▸ What is expected: Please return only the lines from the one holding "Phân tích khuyến mãi i9bet70" through the one holding "What is NeuroSphere", exactly as they appear in the records below, both ends included.

▸ The data:
··········

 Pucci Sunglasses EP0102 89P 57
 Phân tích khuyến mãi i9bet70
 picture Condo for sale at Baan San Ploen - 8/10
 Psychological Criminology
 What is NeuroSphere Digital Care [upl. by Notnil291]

··········

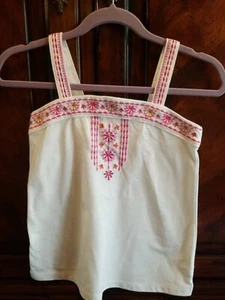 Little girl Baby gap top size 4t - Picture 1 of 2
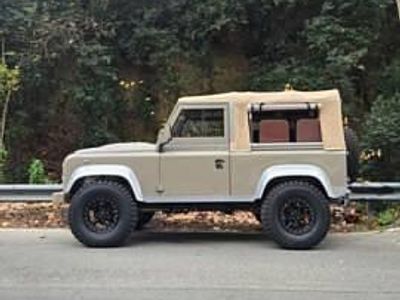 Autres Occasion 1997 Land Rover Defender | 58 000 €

··········

▸ Output:
 Phân tích khuyến mãi i9bet70
 picture Condo for sale at Baan San Ploen - 8/10
 Psychological Criminology
 What is NeuroSphere Digital Care [upl. by Notnil291]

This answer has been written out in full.